_PROBLEM REQUIREMENTS:_ Reproduce the whole listing exactly and let no picture into the copy.

_SUPPLIED INFORMATION:_
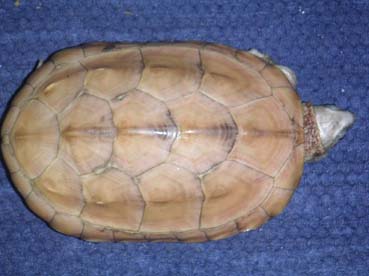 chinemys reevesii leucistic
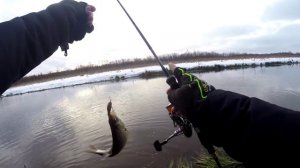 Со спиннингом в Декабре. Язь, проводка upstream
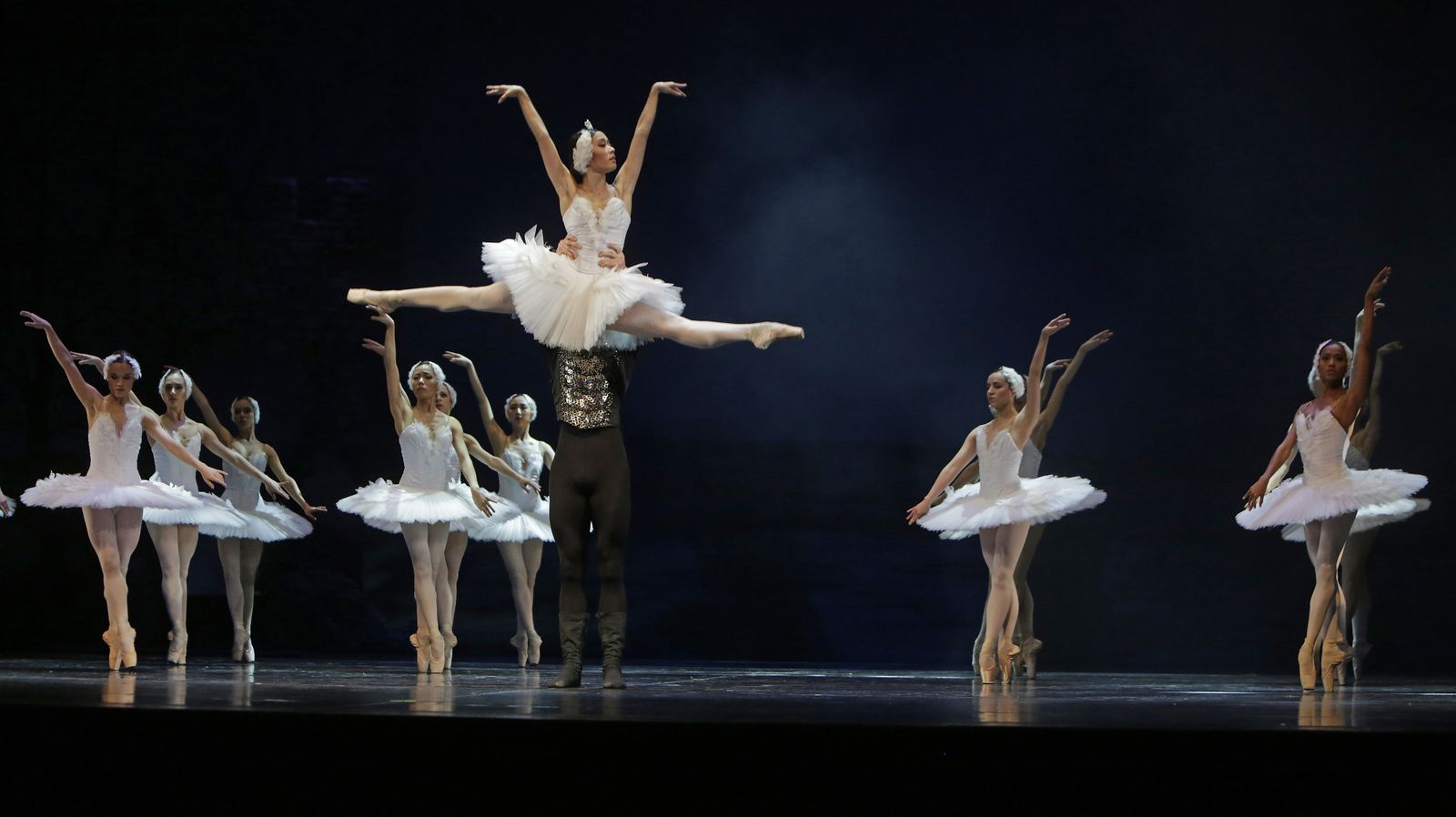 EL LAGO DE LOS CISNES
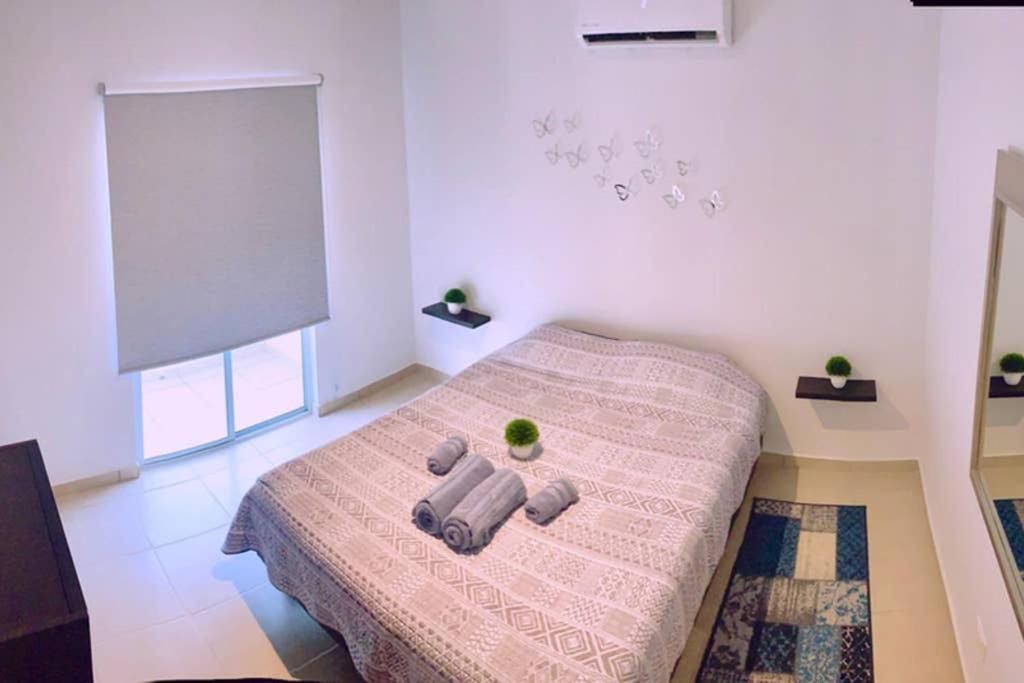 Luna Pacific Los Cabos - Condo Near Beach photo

_RESPONSE TO THE EXERCISE:_
 chinemys reevesii leucistic
 Со спиннингом в Декабре. Язь, проводка upstream
 EL LAGO DE LOS CISNES
 Luna Pacific Los Cabos - Condo Near Beach photo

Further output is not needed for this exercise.